(Source data):
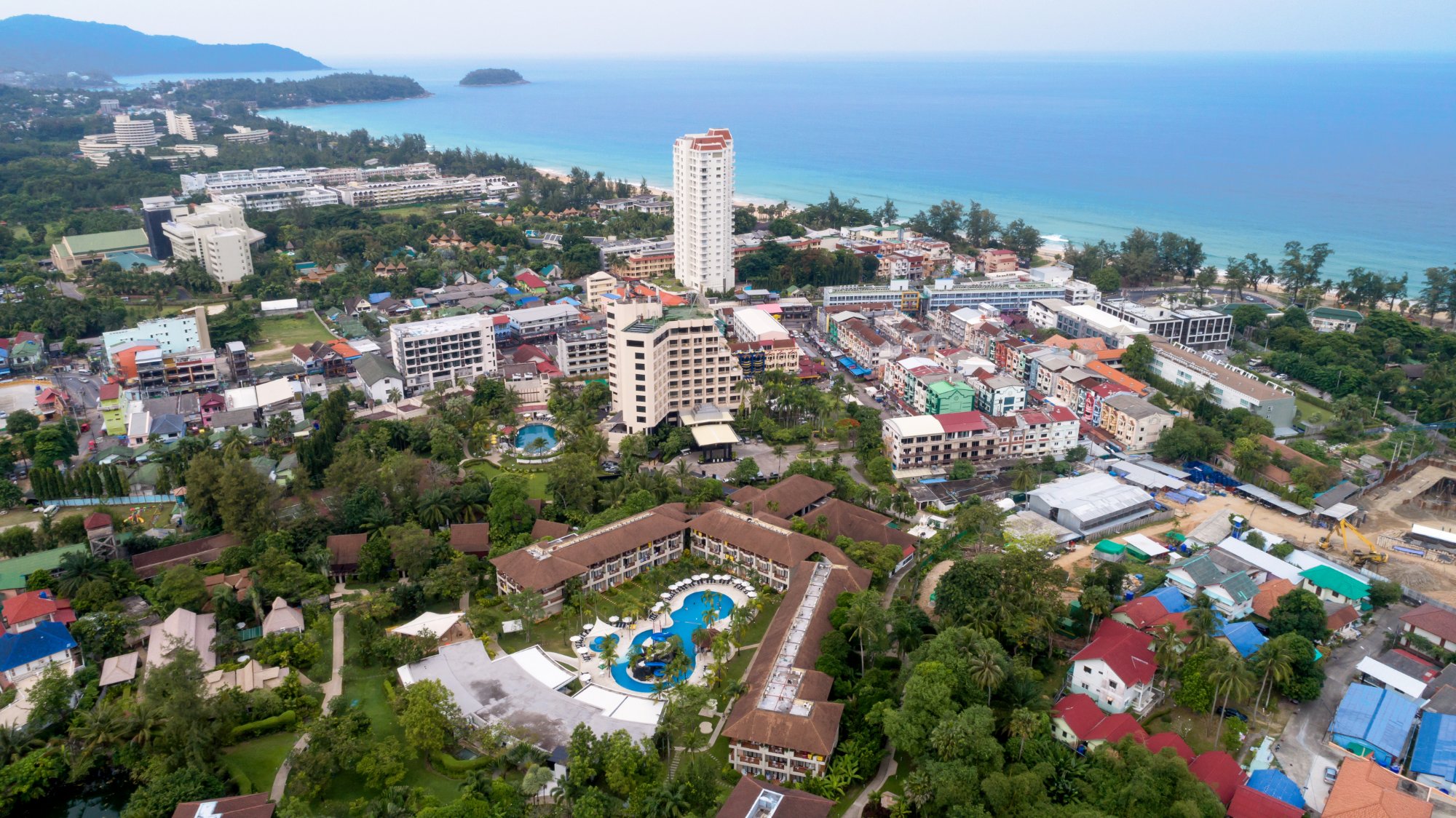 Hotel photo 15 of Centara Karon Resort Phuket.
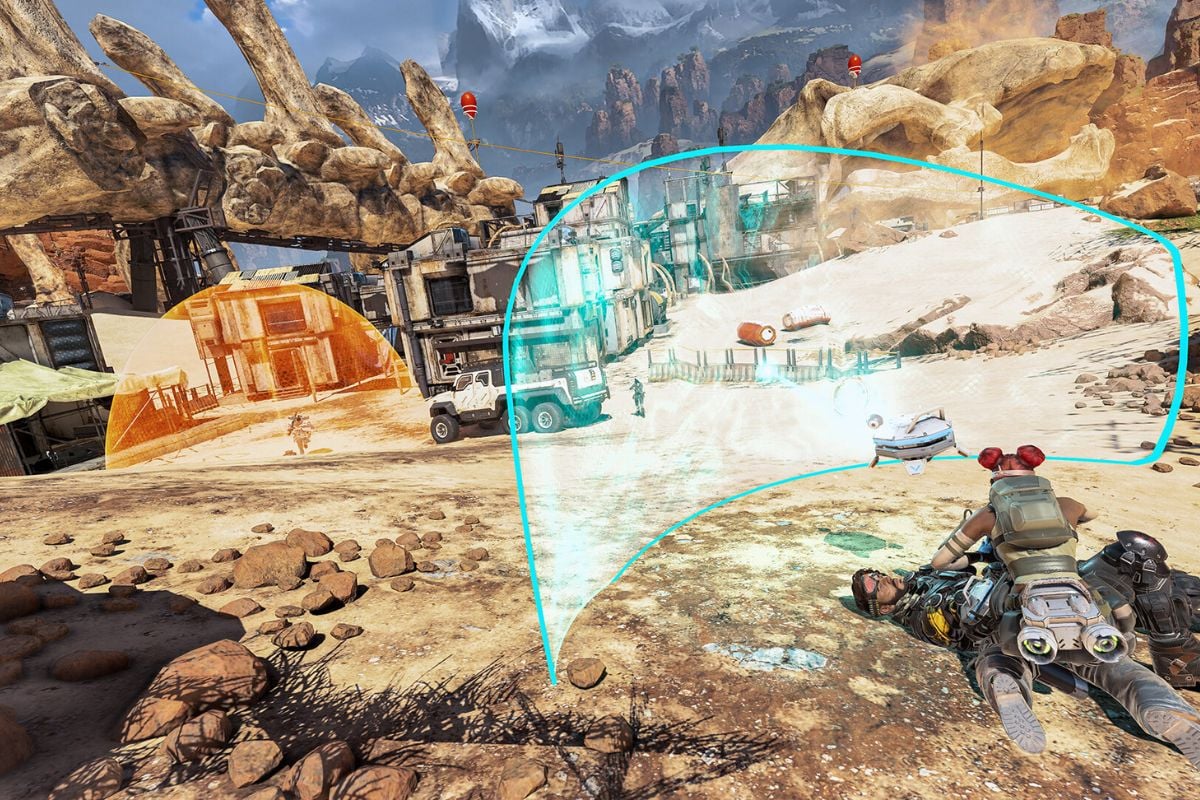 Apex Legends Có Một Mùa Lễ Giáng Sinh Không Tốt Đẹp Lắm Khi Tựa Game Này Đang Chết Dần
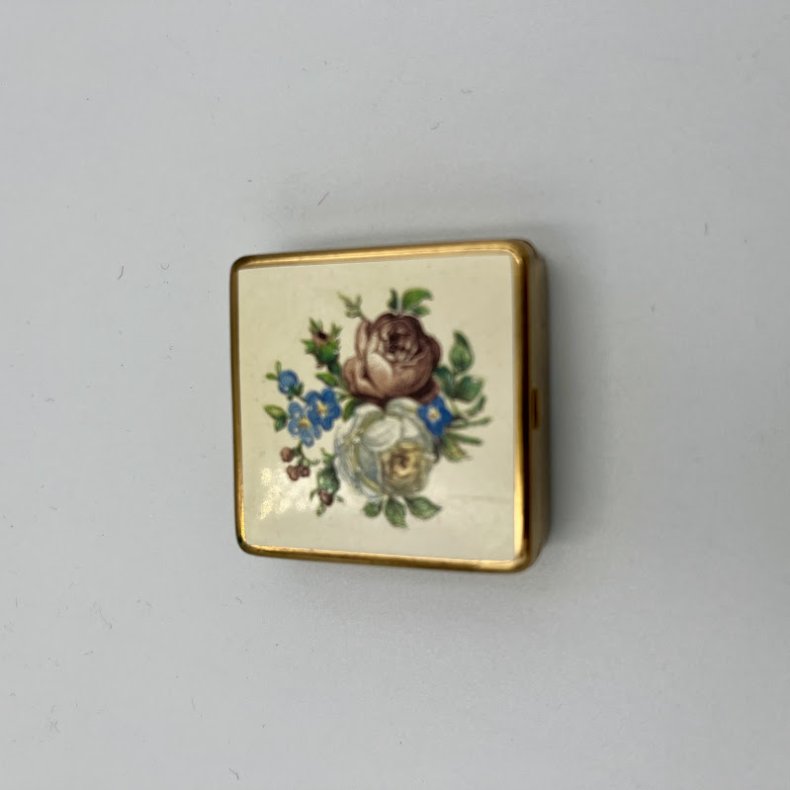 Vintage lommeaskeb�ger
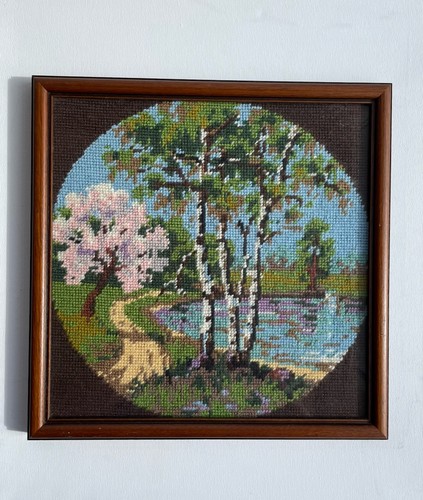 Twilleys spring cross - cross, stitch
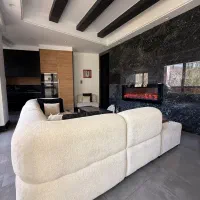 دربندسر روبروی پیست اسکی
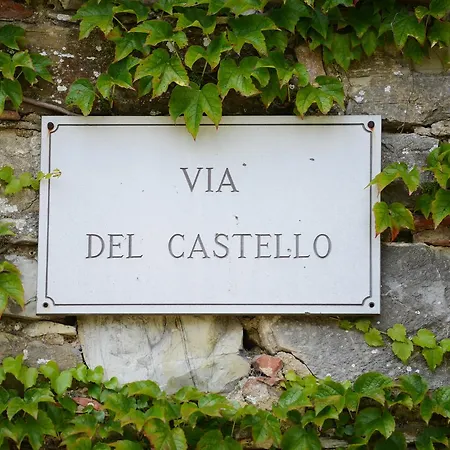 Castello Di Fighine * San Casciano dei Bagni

(What is expected):
Could each line of the data be written out exactly, with no pictures included?

(Answer to the exercise):
 Hotel photo 15 of Centara Karon Resort Phuket.
 Apex Legends Có Một Mùa Lễ Giáng Sinh Không Tốt Đẹp Lắm Khi Tựa Game Này Đang Chết Dần
 Vintage lommeaskeb�ger
 Twilleys spring cross - cross, stitch
 دربندسر روبروی پیست اسکی
 Castello Di Fighine * San Casciano dei Bagni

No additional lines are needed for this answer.